%%
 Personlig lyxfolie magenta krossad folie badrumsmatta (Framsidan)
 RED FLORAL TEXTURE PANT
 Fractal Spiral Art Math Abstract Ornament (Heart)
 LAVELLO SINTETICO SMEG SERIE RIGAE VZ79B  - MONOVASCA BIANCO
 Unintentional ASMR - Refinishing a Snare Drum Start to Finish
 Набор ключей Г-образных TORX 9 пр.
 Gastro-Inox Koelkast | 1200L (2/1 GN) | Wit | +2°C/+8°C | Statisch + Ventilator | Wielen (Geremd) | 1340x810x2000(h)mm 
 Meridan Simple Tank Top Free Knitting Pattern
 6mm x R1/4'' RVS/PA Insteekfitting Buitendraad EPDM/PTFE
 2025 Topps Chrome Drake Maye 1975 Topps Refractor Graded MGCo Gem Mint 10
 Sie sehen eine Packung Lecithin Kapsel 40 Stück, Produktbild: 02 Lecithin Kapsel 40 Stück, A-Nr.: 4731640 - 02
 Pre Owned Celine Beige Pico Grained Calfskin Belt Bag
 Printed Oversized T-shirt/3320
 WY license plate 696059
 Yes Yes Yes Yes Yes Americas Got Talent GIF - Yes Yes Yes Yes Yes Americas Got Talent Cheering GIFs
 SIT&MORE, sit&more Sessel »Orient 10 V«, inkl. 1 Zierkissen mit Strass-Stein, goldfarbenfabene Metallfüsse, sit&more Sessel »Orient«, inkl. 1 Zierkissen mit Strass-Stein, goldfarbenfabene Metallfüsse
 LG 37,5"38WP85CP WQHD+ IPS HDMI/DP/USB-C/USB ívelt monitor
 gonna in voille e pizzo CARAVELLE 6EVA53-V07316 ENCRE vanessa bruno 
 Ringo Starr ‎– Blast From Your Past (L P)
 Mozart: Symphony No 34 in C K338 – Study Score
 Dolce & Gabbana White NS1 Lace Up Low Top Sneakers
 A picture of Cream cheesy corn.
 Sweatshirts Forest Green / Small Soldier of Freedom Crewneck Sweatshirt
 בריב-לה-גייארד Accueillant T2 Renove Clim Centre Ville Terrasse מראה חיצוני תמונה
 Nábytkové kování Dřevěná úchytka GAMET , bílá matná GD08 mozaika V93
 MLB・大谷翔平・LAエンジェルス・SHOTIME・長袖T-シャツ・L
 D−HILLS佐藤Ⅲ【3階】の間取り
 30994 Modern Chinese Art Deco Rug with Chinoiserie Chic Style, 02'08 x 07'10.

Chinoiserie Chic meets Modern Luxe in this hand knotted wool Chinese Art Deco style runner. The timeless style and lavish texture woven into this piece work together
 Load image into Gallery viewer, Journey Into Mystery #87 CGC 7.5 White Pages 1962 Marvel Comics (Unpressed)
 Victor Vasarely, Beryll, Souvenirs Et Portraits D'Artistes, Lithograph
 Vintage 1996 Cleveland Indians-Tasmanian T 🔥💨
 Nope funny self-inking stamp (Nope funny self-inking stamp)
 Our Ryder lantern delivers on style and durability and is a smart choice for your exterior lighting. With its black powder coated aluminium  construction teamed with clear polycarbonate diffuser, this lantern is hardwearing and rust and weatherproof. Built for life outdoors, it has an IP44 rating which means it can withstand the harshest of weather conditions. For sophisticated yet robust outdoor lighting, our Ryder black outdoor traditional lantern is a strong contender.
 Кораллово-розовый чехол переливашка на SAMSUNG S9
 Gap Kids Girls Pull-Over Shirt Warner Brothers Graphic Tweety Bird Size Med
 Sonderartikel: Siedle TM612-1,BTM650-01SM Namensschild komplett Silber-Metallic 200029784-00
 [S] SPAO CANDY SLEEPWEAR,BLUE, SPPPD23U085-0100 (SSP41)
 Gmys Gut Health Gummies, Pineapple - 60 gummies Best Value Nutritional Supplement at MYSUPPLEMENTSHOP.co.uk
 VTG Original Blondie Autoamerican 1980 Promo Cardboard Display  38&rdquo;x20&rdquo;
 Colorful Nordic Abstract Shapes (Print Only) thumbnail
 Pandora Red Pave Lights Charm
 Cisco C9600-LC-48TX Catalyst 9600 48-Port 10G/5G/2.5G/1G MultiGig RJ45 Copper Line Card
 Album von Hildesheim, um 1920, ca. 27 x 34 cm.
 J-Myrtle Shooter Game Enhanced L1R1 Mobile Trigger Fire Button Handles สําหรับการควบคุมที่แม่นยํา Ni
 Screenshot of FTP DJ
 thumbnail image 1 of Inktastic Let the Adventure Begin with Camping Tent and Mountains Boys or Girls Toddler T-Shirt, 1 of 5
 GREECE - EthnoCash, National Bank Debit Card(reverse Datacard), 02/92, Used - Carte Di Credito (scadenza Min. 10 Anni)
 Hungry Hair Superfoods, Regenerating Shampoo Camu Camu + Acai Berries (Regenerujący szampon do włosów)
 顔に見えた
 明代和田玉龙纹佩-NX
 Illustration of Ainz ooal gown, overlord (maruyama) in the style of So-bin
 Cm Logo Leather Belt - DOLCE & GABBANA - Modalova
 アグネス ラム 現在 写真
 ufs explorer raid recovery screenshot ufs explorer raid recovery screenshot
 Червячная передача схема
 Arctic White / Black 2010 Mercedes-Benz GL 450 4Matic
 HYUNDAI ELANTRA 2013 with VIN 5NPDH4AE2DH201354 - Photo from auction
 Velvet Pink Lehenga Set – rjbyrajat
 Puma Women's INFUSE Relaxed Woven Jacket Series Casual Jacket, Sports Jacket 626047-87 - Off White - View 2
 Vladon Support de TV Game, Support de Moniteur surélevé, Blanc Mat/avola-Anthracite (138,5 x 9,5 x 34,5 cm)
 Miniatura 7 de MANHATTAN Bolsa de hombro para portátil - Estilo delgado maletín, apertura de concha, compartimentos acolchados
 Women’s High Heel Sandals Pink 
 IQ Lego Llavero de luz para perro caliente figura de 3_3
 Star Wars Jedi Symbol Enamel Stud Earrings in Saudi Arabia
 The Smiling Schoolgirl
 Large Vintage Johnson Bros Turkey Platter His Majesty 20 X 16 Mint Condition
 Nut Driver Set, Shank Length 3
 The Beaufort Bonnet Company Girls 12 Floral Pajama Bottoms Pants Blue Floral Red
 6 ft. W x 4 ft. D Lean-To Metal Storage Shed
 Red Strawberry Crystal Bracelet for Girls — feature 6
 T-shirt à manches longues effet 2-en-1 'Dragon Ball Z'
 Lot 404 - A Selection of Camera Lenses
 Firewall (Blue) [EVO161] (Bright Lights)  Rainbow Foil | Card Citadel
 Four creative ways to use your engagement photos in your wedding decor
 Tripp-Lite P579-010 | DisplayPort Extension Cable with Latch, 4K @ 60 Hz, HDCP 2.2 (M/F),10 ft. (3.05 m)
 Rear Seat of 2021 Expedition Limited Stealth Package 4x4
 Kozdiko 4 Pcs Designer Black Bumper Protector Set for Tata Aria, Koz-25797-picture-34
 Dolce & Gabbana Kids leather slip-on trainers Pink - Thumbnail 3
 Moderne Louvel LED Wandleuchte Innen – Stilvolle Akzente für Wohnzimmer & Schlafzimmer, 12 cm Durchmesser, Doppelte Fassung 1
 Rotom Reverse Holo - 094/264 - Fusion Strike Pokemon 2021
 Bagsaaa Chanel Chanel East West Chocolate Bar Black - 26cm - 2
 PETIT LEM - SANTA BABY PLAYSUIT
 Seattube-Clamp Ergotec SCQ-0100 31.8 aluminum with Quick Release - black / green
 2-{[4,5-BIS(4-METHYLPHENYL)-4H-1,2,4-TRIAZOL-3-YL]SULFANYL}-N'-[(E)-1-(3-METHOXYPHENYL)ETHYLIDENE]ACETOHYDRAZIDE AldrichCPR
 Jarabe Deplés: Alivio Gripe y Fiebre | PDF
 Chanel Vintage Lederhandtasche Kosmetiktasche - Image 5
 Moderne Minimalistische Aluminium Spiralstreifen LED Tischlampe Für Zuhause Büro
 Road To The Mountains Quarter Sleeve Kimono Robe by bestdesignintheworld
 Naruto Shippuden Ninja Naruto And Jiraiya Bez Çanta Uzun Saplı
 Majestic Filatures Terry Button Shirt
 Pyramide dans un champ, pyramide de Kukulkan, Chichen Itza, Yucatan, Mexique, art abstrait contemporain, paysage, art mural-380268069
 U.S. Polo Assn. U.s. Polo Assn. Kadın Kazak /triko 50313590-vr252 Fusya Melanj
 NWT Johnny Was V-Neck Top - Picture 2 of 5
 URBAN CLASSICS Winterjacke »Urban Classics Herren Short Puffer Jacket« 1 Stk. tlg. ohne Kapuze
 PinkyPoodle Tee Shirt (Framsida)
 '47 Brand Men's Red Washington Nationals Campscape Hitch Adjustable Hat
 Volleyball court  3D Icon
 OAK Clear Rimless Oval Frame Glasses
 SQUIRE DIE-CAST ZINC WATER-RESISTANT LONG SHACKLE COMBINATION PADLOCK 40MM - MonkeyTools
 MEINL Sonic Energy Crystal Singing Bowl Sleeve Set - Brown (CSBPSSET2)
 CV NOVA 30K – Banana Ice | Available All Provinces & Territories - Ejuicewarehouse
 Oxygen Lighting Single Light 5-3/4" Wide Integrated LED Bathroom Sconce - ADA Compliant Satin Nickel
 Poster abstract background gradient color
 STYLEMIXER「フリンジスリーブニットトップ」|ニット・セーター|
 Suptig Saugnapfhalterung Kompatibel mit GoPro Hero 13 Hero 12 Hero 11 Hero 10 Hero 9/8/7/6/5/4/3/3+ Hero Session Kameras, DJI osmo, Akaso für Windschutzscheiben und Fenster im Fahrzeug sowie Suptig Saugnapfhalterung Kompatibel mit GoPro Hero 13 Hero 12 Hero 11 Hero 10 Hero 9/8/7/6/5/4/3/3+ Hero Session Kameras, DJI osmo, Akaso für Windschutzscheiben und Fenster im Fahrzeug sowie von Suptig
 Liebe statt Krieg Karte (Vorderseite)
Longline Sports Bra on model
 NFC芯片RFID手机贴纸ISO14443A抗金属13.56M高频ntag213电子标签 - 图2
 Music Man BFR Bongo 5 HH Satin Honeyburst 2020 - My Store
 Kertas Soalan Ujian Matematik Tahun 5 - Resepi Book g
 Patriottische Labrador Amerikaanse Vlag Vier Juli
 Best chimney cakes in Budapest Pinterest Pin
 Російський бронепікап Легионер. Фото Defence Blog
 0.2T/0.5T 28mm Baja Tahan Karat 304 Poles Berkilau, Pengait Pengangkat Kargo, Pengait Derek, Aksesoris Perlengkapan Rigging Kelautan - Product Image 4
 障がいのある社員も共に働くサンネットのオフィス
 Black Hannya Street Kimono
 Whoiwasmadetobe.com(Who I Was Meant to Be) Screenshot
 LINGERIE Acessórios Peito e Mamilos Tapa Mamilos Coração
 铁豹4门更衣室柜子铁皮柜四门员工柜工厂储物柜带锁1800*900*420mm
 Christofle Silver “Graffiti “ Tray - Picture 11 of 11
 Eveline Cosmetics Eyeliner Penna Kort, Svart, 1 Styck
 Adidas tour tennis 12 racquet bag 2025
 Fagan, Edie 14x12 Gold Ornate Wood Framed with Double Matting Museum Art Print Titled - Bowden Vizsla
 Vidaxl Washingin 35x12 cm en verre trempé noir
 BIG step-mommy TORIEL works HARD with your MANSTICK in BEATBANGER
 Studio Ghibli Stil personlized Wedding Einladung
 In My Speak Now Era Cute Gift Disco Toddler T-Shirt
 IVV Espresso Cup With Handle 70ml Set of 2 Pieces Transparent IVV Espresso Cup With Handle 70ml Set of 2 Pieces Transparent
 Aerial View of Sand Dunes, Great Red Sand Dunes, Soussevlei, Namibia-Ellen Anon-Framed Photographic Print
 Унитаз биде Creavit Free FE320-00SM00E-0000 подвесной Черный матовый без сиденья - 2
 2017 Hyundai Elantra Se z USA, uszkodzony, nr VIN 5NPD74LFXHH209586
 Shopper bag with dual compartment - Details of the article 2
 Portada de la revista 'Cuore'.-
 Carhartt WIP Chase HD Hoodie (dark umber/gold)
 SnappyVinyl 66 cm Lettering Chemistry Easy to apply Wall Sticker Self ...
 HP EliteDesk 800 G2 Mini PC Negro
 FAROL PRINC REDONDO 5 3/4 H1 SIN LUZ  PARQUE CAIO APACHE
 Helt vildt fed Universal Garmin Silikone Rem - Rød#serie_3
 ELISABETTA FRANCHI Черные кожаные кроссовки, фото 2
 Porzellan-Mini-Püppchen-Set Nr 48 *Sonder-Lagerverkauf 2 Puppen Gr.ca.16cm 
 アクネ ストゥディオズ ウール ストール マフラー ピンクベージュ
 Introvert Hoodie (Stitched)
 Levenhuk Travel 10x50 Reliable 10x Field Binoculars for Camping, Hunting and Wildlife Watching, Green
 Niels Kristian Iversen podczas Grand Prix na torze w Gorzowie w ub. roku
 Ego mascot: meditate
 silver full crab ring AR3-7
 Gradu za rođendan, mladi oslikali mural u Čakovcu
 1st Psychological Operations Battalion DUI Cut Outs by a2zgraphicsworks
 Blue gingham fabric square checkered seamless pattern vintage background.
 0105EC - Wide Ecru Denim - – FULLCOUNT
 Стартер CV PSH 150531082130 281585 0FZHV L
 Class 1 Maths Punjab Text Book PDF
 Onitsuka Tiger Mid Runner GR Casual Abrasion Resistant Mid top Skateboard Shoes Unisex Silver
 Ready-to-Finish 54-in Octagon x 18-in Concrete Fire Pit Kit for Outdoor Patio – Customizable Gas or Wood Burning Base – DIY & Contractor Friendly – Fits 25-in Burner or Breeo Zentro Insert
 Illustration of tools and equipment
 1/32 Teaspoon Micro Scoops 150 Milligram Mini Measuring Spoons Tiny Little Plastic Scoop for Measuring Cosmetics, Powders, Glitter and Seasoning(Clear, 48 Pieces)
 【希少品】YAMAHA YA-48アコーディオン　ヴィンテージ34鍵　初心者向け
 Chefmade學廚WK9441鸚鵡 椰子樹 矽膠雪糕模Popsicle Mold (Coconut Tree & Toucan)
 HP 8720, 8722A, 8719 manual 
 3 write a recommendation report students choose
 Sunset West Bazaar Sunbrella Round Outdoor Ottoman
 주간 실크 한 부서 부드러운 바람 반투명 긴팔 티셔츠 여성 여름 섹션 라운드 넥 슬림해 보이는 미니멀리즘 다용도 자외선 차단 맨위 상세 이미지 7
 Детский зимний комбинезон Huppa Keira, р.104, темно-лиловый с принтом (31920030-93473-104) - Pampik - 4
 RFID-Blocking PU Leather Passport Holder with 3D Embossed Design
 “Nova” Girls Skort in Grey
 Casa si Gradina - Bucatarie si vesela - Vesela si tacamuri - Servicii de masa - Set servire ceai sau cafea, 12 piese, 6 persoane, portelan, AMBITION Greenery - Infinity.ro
%%
» What is expected
Go through the lines above. Select every one that has the string "Chinese".

» Solved exercise
 30994 Modern Chinese Art Deco Rug with Chinoiserie Chic Style, 02'08 x 07'10.
Chinoiserie Chic meets Modern Luxe in this hand knotted wool Chinese Art Deco style runner. The timeless style and lavish texture woven into this piece work together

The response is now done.